In a world where the concept of lying doesn’t exist, everyone is brutally honest with each other, no matter how much it may hurt. After a failed date with the beautiful and rich Anna Mcdoogles, Mark Bellison, a screenwriter who is limited to non-fictional movies set in the 14th century, is fired from his job and on top of that is about to be evicted from his apartment if he doesn’t get his landlord $800 by the end of the day. As Mark goes to the bank to take out his measly $300 from his account, he has an epiphany, and instead of asking for the amount he has, he decides to tell the very first lie. After saying he wants to withdraw $800, the amount his landlord asked for, they actually give it to him. With this new power, he’s able to prevent his best friend Greg from getting arrested, makes up a story about aliens attacking in the 14th century that erases everyone’s memory, cheats at a casino, and gets another date with Anna. But after getting a call, Mark has to abandon the date after hearing his mom had a heart attack. When he’s told she’s going to die, he tries to comfort her by telling her about a great place that she will go to. After word spreads about this world after death, people flock to Mark’s apartment to learn more and with the combined power of his mind and two pizza boxes, Mark uses his abilities to change the world.

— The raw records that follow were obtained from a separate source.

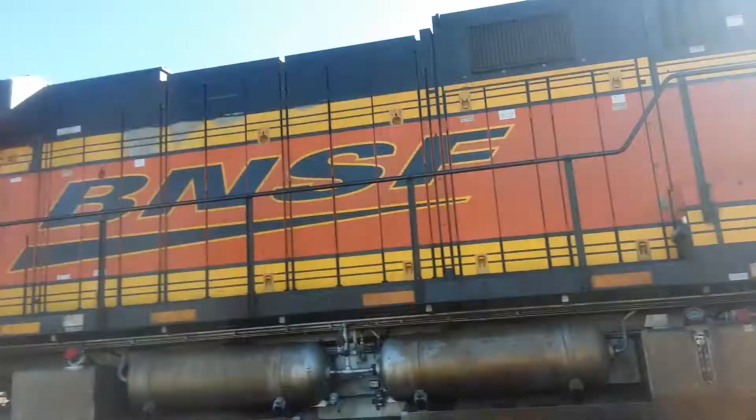It is in the siding right now. BNSF has learned better than UP, I guess. I don't get to see too many BNSF trains.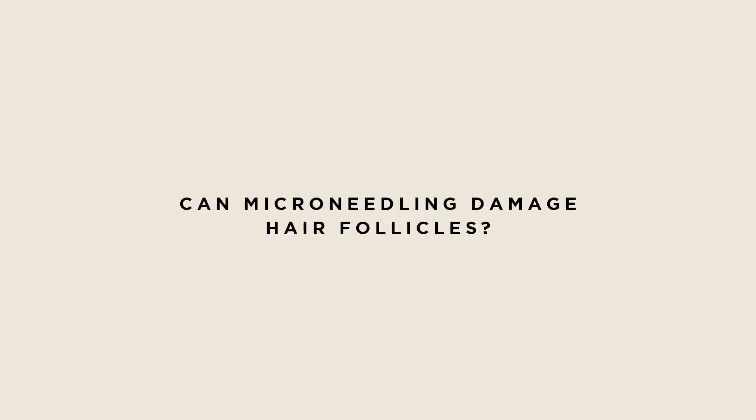Can microneedling damage hair follicles? The short answer is yes, if it's done improperly or if the needles go in way too deep — there can be a lot of tears in the skin that lead to further scarring. This is something I highly recommend you do at your doctor's office, because you definitely don't want to go deeper than 1.5 to 2 millimeters when you're on the scalp.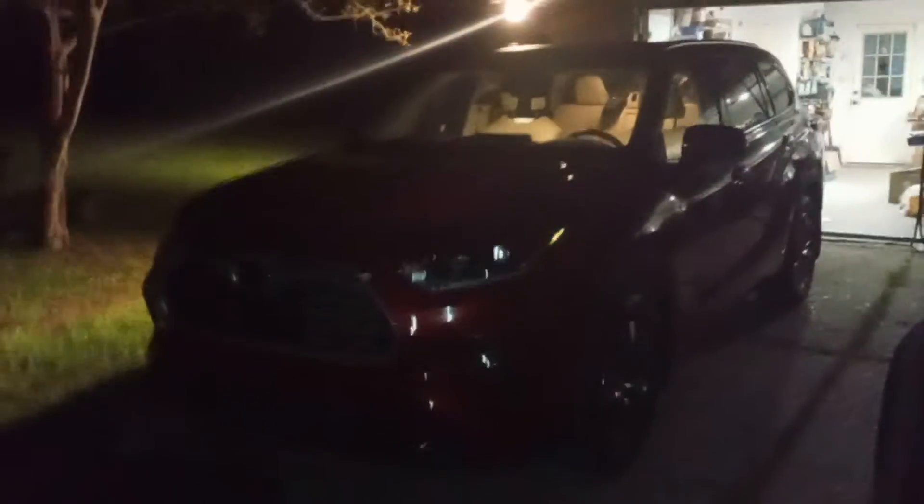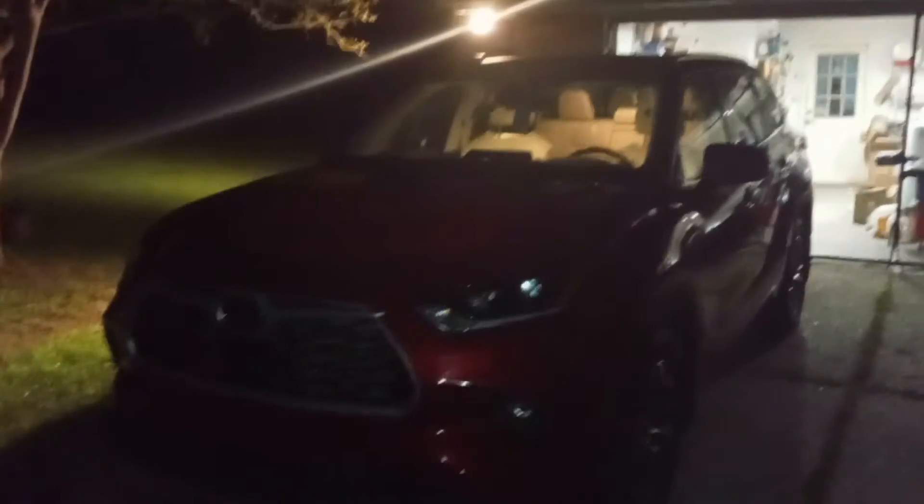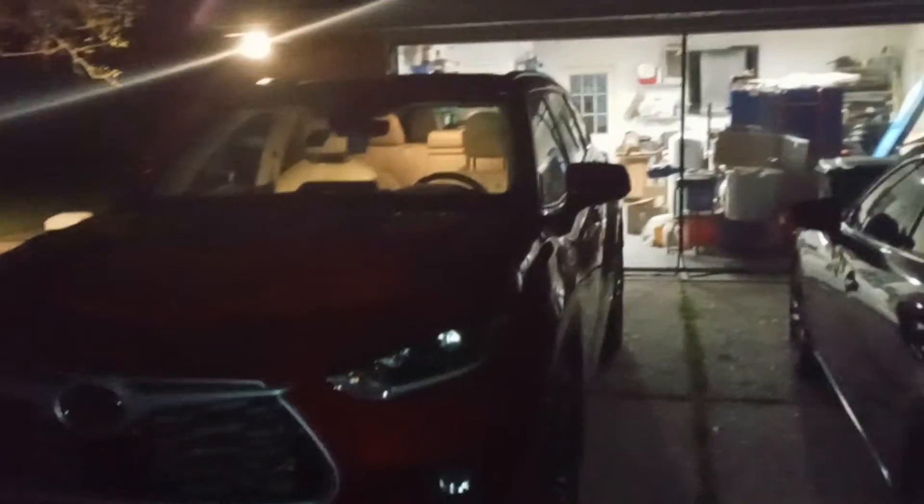All right, ladies and gentlemen, here is our rental car for the road trip: the 2022 Toyota Highlander XLE All-Wheel Drive.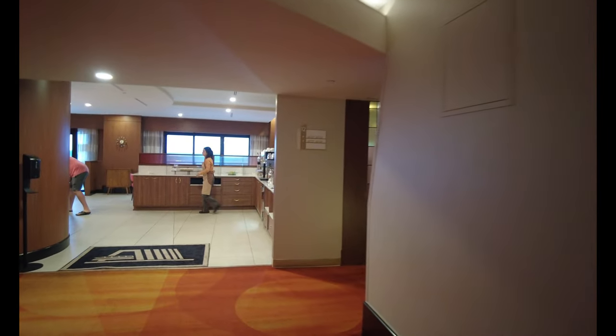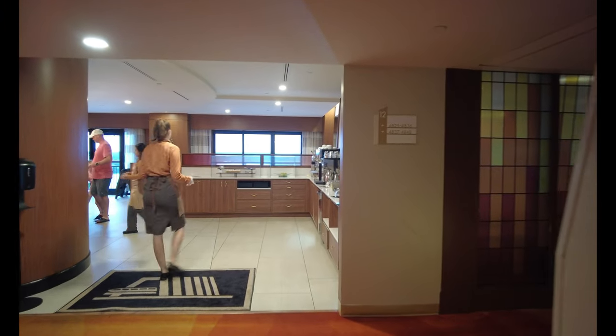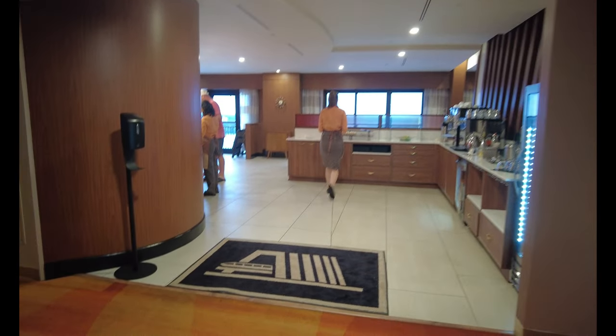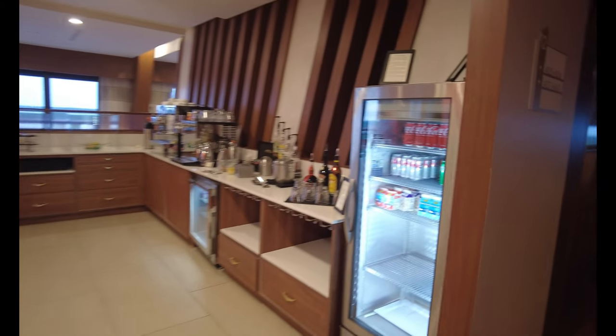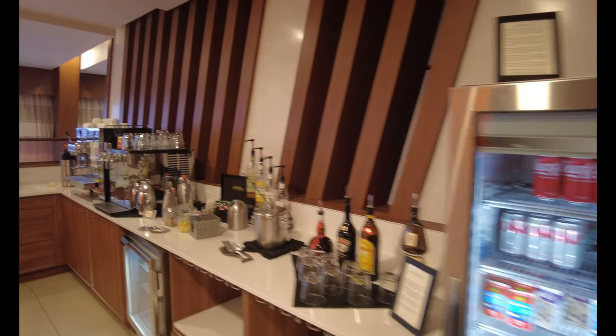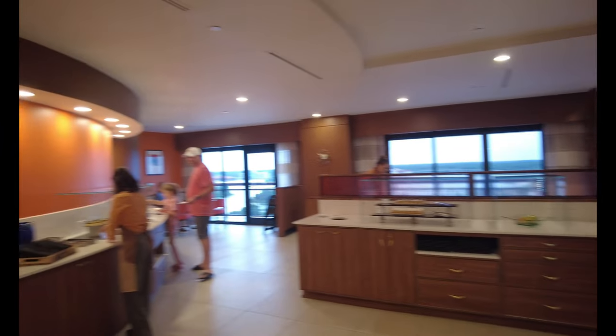I love the way that the Atrium Club has been reimagined. It's just beautiful. So let's look over everything — we've got a buffet going on over here, we've got some desserts, and let's start here.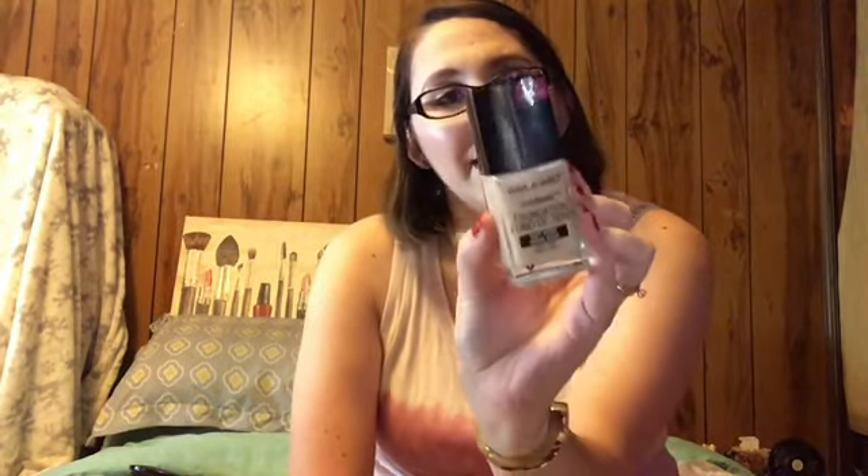Foundation this week is the Wet and Wild Photo Focus Foundation. I do like this foundation, but I think this is probably the last week for it — it's on its last leg, time for it to go into the empties. I would probably repurchase in the future, but there are some other foundations I really want to try. Also on its last leg is the Wet and Wild Color Concealer in Light Ivory, which is a little bit too pink-toned for my skin, but it still works.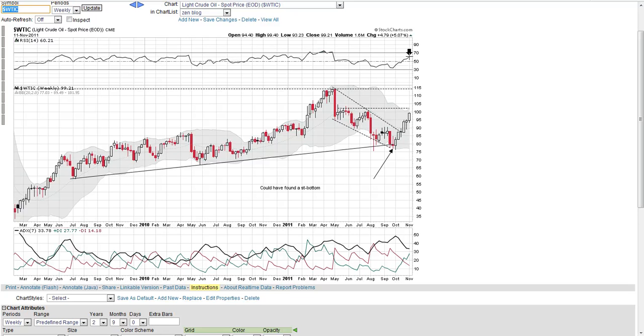Typically, markets find some resistance around the 60 level. I could see this being a short-term top. The other thing I wanted to point out is, as oil was moving higher, the ADX was moving down — so the ADX was not confirming that move up. I do believe that to be significant.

One thing I can really commend about this movie is just how well they stick to the idea of a world where no one can lie. They don’t even use words like honest or lie, which makes a lot of sense: the word wouldn’t even exist if the idea of lying was never thought of until then. This movie doesn’t hide anything; when someone says something, they truly mean it, and when Mark tells a lie, you can see just how heavily it contradicts what’s going on. The story seemed like it was going to be very basic, but then it escalated to the point where religions were getting made and the idea of some fictional being ruling over everything was pretty bizarre. It does seem like they forgot about a few things, mainly Mark’s job as a screenwriter, but there were so many characters that were just written out of the script never to be seen again.
It was a very bumpy movie when it comes to the plot, but I still enjoyed it. I thought it had some good jokes, especially with everyone being brutally honest about everything. But the whole idea of trying to tell people that religion doesn’t exist in a world that can’t lie seems a bit pushy on their own beliefs. But thinking about it as a comedy, it works pretty well. Maybe avoid it if you have some heavy beliefs, but it sticks to its name and I think that’s worth something.